Let me prove it to you.

Look at the tape of the 9th inning of Game 4 of the ALCS. We’re down 4-3. We’re three outs away from getting swept at Fenway. And guess what? We’re up against Mariano Rivera, the single greatest closer of all time. The guy with the nastiest single pitch I have ever seen. Almost unhittable. And what’s going on? The whole freaking stadium is standing up and cheering. Anywhere else, it would’ve been a damn funeral. Kevin Millar is leading off and he’s in the dugout like, Hey, I’ll see you guys on first base. We’re winning this thing.

Millar goes up to the plate and stands up to Rivera. He takes five pitches and gets a walk. Believe me, man, the amount of patience it takes not to chase Rivera’s cutter when you’re losing is incredible.
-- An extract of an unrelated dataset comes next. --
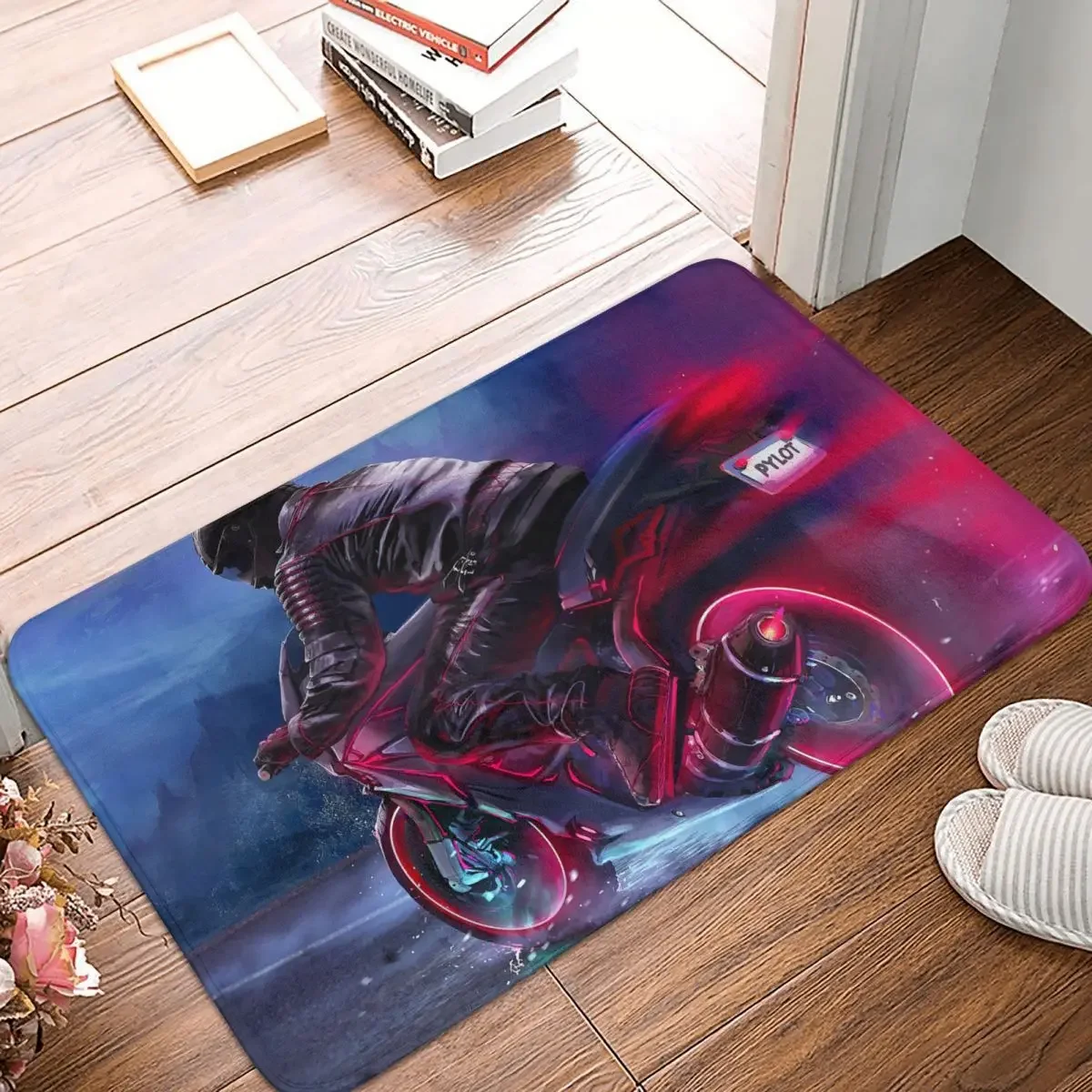 Motorcycle Cool Motor Cycle Bathroom Mat Biker Retrowave Digital Art Rug Home Doormat Living Room Carpet Decor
You’re desperate to make something happen. The pitch comes in and it’s right over the plate, then you swing, and what happens? It’s in the dirt.

Before Millar even got the walk — after the third ball — our pinch-runner Dave Roberts was already standing up in the dugout with this look in his eyes. He’s like, Yep. Let’s go. I’ll see you guys at second base.

Roberts comes in to pinch run for Millar and the whole world knows he’s about to steal. Rivera knows it. Jorge Posada comes to the mound to talk to Rivera like, Yo, this guy is about to steal. It doesn’t matter. Rivera throws to first. Throws to first. Throws to first. When he finally pitches the ball, Bang! Roberts is gone.

The second he slid in there, it popped off. Fenway was going crazy. But what a lot of people don’t remember is that Bill Mueller actually had to get a hit off Rivera in order to score Roberts. You know how many times Rivera jammed me up in that situation? Mueller swung on a 1-1 count, put it right up the gap and Roberts scored the tying run. That was a big, big hit.

After we tied it, I didn’t just think we were going to win the game, I thought we had the series. I really did.

So in my mind, when I get up to the plate in the bottom of the 12th, that’s it. Game. That’s my mentality. I’m up against Paul Quantrill. When I faced him before, all he threw me was the sinker. And it’s a good sinker. He struck me out with it a few times. So the count goes to 2-1, and now I know what’s coming. When a pitcher gets behind in the count and needs to throw a strike, they go to their main pitch. I know the sinker is coming, and it’s coming over the plate.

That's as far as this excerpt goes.